Start with the first line of the records below. Output each line exactly, ending with the one that contains "How to Create a Minimalist Kitchen Design".

[Opening Data for review section]

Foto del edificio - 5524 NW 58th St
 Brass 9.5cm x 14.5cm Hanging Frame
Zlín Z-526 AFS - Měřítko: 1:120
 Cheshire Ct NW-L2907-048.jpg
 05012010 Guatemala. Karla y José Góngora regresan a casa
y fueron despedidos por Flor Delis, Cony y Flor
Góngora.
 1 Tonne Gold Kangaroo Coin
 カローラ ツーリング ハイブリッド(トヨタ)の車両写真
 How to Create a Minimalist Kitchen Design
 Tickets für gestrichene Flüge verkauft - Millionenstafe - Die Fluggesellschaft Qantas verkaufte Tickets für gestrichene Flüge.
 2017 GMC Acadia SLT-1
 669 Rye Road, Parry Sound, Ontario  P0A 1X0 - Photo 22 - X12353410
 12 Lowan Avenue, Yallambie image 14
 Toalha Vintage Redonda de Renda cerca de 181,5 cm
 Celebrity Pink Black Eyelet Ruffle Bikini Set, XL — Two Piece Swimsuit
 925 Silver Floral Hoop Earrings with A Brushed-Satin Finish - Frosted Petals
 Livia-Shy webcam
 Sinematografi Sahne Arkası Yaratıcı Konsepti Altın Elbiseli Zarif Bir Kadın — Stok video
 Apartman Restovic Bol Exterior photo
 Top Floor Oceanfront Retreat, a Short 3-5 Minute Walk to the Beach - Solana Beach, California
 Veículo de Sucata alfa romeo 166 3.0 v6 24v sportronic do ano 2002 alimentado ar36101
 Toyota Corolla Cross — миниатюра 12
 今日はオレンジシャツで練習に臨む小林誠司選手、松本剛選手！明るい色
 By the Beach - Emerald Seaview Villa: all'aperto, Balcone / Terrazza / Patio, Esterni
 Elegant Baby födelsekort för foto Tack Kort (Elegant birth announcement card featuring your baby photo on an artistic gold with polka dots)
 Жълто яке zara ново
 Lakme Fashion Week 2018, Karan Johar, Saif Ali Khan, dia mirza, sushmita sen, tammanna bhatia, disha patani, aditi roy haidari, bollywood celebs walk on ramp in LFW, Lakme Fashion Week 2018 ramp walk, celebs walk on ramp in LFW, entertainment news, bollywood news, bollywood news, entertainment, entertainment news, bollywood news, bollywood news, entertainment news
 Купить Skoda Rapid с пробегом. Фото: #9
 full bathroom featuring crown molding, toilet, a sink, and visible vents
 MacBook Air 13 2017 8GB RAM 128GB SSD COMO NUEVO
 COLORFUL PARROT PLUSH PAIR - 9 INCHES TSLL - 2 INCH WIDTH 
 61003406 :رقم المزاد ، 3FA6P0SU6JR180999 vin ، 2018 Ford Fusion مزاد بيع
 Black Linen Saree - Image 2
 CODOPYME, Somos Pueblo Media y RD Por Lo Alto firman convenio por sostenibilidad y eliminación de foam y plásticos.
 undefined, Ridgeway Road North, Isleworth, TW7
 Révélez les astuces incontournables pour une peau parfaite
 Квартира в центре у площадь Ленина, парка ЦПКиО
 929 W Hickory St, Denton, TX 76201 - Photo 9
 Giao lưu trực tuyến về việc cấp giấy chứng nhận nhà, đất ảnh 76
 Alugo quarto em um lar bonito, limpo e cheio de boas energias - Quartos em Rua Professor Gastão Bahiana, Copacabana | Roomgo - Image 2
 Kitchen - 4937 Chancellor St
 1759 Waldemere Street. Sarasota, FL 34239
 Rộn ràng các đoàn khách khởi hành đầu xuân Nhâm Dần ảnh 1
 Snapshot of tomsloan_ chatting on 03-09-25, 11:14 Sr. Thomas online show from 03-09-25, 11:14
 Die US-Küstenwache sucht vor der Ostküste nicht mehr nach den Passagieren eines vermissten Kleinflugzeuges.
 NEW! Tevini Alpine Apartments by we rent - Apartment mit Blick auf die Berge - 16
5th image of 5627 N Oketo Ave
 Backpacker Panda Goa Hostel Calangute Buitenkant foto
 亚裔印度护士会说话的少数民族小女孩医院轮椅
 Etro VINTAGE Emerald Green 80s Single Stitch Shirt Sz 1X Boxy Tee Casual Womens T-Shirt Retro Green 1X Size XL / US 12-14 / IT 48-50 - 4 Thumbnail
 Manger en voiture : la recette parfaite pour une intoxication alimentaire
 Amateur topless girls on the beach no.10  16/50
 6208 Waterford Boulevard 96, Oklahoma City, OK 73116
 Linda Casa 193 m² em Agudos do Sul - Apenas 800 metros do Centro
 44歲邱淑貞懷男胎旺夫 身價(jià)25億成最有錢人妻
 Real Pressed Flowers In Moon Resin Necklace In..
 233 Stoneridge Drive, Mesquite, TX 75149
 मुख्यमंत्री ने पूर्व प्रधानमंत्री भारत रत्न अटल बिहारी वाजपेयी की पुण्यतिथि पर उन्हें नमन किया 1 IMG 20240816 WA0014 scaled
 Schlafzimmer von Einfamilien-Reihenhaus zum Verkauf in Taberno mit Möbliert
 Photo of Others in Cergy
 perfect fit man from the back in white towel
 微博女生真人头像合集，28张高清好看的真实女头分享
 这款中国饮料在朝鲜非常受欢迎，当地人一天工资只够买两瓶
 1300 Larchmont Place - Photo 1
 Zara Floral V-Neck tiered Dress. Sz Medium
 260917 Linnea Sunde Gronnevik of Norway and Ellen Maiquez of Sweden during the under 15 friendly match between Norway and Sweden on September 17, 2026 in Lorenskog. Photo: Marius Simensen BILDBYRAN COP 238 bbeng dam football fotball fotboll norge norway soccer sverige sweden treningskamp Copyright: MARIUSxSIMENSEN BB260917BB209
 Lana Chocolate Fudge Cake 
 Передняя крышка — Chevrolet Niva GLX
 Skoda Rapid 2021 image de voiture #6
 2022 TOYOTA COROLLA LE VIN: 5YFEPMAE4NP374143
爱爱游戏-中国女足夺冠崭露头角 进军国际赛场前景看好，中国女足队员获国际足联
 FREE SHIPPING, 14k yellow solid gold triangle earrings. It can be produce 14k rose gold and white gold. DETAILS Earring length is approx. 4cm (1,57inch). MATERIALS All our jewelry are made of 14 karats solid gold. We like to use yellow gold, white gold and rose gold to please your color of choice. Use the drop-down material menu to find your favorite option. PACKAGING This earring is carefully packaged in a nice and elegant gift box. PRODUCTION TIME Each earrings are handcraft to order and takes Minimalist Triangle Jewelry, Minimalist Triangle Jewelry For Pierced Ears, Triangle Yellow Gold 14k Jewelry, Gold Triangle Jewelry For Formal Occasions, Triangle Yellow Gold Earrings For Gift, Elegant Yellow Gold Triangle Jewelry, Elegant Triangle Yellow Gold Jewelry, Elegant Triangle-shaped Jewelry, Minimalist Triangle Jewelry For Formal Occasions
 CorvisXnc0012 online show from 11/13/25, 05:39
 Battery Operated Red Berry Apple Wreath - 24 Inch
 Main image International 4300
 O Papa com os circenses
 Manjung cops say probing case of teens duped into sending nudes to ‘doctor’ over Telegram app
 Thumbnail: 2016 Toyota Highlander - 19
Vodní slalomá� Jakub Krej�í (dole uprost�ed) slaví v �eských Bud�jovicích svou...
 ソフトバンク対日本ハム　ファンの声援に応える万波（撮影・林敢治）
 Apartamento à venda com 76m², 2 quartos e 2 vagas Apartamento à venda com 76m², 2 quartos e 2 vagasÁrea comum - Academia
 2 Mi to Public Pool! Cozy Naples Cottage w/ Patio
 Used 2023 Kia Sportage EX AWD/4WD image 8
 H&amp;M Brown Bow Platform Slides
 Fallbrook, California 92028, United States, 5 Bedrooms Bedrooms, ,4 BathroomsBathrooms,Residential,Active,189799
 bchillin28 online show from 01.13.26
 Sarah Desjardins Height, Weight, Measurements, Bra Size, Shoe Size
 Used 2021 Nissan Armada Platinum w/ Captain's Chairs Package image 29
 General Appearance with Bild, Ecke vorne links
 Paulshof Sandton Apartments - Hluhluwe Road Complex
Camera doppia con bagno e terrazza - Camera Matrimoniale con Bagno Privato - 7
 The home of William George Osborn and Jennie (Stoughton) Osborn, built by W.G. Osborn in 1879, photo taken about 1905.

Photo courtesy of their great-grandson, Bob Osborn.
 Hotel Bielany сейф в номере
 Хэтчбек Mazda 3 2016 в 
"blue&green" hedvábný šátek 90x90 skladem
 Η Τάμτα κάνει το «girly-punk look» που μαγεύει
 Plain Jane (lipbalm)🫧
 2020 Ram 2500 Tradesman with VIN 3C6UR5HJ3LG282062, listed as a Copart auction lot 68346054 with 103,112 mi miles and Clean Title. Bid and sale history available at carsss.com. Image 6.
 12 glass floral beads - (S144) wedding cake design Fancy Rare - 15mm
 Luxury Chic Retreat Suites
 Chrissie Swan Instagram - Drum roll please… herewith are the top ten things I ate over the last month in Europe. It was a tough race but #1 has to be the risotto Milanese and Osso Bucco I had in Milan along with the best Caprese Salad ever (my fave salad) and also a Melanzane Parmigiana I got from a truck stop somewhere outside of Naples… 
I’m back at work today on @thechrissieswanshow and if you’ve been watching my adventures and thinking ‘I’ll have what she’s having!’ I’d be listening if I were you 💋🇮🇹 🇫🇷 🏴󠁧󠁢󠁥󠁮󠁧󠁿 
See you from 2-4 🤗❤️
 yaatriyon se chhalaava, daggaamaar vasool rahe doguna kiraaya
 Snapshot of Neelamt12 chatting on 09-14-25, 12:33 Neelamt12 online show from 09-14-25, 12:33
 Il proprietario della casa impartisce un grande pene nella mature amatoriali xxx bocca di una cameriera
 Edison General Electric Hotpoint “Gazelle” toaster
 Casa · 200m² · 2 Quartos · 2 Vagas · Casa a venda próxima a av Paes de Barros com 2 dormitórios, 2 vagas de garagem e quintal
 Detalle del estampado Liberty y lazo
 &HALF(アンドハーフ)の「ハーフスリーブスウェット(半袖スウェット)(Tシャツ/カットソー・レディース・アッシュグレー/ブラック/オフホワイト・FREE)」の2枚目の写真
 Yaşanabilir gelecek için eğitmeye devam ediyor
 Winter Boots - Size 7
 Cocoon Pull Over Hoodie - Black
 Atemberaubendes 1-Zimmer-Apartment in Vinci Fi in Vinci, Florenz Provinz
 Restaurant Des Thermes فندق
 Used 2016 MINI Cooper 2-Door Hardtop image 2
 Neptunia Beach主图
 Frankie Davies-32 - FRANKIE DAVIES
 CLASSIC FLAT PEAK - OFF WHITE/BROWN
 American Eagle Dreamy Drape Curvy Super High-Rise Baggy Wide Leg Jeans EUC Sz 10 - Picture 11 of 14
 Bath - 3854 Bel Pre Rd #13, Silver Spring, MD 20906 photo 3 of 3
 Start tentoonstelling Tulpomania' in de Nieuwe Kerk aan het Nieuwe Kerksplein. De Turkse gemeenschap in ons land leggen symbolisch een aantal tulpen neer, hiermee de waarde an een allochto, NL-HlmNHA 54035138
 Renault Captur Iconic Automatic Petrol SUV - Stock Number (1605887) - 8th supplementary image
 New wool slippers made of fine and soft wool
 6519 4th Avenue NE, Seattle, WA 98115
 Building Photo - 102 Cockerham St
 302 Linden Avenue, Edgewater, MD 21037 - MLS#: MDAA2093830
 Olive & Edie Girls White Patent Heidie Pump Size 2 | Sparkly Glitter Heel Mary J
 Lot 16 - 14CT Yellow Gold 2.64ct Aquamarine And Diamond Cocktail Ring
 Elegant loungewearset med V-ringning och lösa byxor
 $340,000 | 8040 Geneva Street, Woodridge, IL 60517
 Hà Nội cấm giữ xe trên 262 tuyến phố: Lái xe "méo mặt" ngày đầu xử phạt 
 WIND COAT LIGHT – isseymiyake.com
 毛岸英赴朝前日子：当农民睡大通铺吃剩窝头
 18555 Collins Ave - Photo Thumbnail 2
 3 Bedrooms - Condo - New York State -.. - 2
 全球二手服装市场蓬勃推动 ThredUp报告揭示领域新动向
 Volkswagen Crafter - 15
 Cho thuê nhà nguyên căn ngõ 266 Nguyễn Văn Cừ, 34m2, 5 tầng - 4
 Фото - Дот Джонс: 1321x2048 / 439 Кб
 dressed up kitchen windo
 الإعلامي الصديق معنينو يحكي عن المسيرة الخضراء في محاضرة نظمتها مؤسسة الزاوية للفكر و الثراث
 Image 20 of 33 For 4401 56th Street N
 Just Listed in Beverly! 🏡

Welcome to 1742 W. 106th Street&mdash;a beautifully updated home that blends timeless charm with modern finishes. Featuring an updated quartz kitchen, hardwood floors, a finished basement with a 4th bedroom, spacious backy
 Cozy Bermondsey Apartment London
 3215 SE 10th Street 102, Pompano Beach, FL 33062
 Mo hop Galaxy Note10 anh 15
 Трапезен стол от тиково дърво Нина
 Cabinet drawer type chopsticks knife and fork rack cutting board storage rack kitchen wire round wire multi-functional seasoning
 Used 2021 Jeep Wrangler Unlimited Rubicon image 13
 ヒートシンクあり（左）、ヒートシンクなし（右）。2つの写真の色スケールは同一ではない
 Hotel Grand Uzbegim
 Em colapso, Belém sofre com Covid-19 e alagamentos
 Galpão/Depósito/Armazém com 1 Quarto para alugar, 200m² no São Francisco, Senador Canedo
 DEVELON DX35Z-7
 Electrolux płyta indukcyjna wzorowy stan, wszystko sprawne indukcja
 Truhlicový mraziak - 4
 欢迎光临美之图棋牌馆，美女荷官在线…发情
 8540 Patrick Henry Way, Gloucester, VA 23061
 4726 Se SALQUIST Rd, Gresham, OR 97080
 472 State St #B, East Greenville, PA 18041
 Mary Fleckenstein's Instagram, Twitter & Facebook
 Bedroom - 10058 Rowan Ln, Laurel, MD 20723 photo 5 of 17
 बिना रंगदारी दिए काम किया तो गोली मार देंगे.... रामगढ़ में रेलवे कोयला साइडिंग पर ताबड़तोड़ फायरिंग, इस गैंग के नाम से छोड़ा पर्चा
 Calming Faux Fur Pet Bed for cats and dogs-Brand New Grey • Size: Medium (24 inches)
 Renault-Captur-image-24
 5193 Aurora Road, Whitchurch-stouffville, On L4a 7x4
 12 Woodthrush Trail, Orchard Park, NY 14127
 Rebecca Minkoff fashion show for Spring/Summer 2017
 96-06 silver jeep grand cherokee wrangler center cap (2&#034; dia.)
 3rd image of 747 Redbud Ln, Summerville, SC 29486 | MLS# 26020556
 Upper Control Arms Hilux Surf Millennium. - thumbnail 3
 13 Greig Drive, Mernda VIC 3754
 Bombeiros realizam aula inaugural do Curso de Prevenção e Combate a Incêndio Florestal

[Closing Data for review section]

*Response box:*
Foto del edificio - 5524 NW 58th St
 Brass 9.5cm x 14.5cm Hanging Frame
Zlín Z-526 AFS - Měřítko: 1:120
 Cheshire Ct NW-L2907-048.jpg
 05012010 Guatemala. Karla y José Góngora regresan a casa
y fueron despedidos por Flor Delis, Cony y Flor
Góngora.
 1 Tonne Gold Kangaroo Coin
 カローラ ツーリング ハイブリッド(トヨタ)の車両写真
 How to Create a Minimalist Kitchen Design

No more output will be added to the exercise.